Mesdames et Messieurs,
Honorables Députés,
J’ai été invité par lettre de votre président, à me faire auditionner dans le cadre de l’examen du projet de loi portant modification de certaines dispositions de la loi n° 006/2020 du 30 juin 2020 portant modification de certaines dispositions de la loi n° 042/2018 du 5 juillet 2019 portant code pénal en République Gabonaise.

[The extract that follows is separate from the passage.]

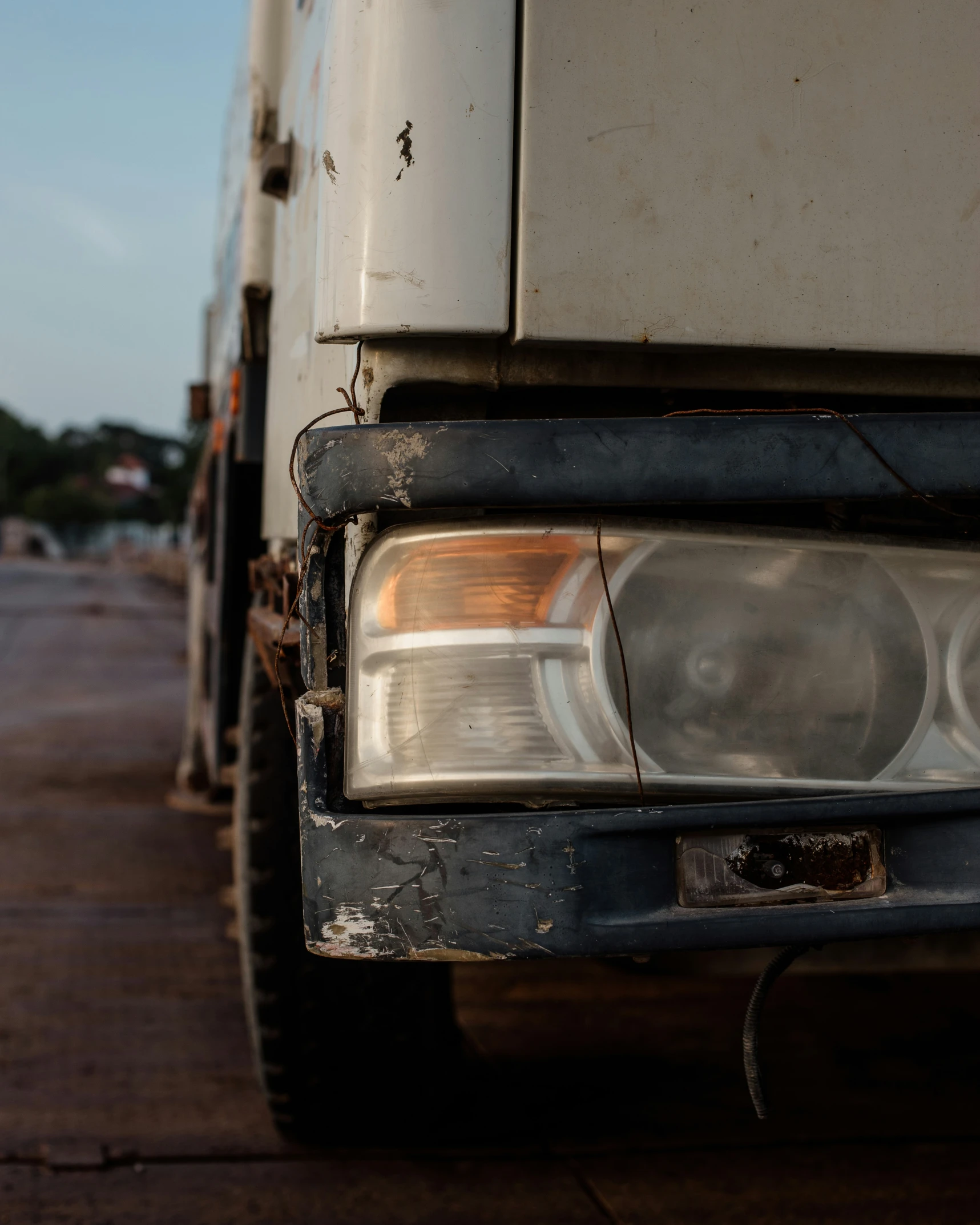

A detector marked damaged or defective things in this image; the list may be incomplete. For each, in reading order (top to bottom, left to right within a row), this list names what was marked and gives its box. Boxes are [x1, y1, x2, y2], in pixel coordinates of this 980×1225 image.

Et connaissant la personnalité de votre Président, son expérience et l’estime dans laquelle je le tiens, je considère cette invitation comme un honneur.
Je voudrais avant de commencer à échanger, l’en remercier de cette marque d’estime.
Dans le dossier qui m’a été envoyé, j’ai eu un document sur les articles annulés, un document sur les nouvelles propositions objets des lois précitées et une liste des questions des Honorables Députés.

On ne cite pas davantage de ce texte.